Esse movimento vem ganhando proporções assustadoras, porque se baseia em duas premissas: a de que os ricos (países e pessoas) são os responsáveis pela poluição associada com a de que os descendentes de antigos escravagistas são os devedores de reparações aos descendentes de escravos.
Não faltam estatísticas para suportar estas ideias, até porque se entende que ser um país rico implica em consumir mais energia.
A fusão com o racismo estrutural é uma tentativa de mostrar que as populações em situação de risco ambiental são as mais pobres e, por isso, moralmente os endereços para onde devem ser canalizadas as verbas de reparação, notadamente para os países pobres.
Essas ideias foram geradas dentro da ONU, a organização que se sabe ser frequentada por uma maioria de países pobres, que o são exatamente por serem sempre representadas por marionetes e gatunos. Se não o fossem, não seriam pobres.
Nos EUA, já se tem a lista de cem parlamentares cujas ascendências estão vinculadas ao escravagismo. Descendentes de escravos e negros cativos na mesma legislatura já se abraçam consternados pelas descobertas do passado.
Tomando a isenção do crime pela comprovação da ascendência, o mundo vai caminhando para uma espécie de pureza ancestral semelhante a do nazismo, em que a inclusão do indivíduo nos assuntos de estado era aceita somente com a demonstração da inexistência de sangue judeu nos antepassados, prática que foi copiada da Inquisição Portuguesa na averiguação até o terceiro grau que comprovasse não haver parentesco, primeiro com os judeus e, depois, com os Cristãos Novos.
O racialismo precisa ser confrontado em nossa mentalidade pseudo-intelectual. Por exemplo, na entrevista que deu ao programa Roda Viva, ano passado, na passagem do centenário de comemoração da Semana de Arte Moderna, o convidado Ruy Castro, um carioca da gema, procurou desprezar sua importância falando que não apenas não se leem mais seus autores, como se tratou de um acontecimento sem muita importância, até porque, um de seus financiadores, Paulo Prado, era originário de uma família de escravocratas.
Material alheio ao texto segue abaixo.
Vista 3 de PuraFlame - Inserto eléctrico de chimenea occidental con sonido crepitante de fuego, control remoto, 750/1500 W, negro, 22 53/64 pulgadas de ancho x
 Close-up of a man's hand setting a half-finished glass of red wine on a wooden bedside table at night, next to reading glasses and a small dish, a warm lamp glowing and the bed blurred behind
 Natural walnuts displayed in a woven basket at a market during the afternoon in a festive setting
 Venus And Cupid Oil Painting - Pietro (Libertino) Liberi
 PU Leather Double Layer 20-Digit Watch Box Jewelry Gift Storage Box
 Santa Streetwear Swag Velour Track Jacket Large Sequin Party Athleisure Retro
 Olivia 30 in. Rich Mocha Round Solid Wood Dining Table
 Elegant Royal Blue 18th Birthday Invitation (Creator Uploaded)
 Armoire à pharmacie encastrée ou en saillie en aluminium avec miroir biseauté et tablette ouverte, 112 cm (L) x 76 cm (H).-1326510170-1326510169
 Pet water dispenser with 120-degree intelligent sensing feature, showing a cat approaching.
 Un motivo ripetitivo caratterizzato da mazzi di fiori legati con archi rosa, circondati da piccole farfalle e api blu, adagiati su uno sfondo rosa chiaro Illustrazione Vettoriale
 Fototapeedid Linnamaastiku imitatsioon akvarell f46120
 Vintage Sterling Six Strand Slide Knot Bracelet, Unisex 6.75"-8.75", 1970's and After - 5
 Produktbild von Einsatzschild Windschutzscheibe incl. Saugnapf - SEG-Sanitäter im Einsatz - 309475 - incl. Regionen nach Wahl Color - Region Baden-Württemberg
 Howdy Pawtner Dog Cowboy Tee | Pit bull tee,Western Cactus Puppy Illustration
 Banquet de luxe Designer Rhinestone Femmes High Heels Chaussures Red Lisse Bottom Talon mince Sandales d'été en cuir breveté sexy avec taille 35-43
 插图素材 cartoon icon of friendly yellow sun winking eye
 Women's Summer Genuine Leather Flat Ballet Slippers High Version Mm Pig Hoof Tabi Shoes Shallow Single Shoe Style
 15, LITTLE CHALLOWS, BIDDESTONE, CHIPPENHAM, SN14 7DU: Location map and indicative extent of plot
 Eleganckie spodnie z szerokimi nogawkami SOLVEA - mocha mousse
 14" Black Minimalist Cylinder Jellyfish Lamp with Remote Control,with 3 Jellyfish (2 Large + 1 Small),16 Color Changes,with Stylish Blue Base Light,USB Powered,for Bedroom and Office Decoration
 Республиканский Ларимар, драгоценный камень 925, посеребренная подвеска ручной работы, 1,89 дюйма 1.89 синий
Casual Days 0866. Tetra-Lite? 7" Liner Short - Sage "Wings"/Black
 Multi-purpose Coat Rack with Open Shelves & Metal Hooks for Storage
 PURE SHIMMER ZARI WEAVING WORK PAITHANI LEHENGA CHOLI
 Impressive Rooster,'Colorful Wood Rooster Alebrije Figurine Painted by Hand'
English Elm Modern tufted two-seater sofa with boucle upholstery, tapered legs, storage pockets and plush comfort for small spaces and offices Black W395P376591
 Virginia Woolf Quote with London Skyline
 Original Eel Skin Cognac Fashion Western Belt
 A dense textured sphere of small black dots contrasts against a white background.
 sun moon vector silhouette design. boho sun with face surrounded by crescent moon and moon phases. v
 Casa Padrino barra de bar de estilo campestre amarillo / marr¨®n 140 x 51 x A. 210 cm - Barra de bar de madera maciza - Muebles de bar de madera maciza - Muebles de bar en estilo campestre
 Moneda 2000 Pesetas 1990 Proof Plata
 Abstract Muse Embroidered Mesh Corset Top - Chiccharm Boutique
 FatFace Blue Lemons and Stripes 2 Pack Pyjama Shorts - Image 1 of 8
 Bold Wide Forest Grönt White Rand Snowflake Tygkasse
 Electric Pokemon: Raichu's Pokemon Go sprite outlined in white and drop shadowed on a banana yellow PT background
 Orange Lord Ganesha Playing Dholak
O convidado participou do programa por sua fama de conhecedor da cultura nacional, mas capitulou ao racialismo em preferir o linchamento moral ao dever de reconhecer a importância do autor de Retrato do Brasil para a cultura brasileira.
Isto apenas significa que a decisão da Suprema Corte americana vai repercutir na agitação das ruas, nas colunas de jornais, discursos políticos e redes sociais, onde a racionalidade da decisão será fortemente contestada, até porque a lavagem cerebral do populismo já predomina largamente.
O favoritismo é o pai do privilégio, de onde parte a corrupção moral que transforma o mérito em mera sucata intelectual.